*RECORDS*

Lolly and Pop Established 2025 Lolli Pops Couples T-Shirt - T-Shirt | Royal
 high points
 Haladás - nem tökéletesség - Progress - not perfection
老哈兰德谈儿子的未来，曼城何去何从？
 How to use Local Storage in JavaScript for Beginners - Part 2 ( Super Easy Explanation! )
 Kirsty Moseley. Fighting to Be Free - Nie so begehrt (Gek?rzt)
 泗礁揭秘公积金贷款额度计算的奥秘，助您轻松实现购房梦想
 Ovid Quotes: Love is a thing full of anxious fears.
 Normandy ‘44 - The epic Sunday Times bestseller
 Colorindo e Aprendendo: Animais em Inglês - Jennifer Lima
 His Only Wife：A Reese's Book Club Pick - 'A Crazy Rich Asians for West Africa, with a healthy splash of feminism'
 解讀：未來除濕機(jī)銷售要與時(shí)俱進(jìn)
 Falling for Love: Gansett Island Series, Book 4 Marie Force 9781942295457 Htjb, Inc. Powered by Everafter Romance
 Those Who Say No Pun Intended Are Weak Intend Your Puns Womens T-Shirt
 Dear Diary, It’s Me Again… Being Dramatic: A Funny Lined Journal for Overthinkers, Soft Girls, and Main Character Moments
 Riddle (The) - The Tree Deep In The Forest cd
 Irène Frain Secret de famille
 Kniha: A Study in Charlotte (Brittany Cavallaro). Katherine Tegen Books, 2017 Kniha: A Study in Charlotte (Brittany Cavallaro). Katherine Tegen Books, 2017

*WHAT TO WORK ON*
Using the entries above, return each line that includes the word "Love".

*RESPONSE AREA*
 Ovid Quotes: Love is a thing full of anxious fears.
 Falling for Love: Gansett Island Series, Book 4 Marie Force 9781942295457 Htjb, Inc. Powered by Everafter Romance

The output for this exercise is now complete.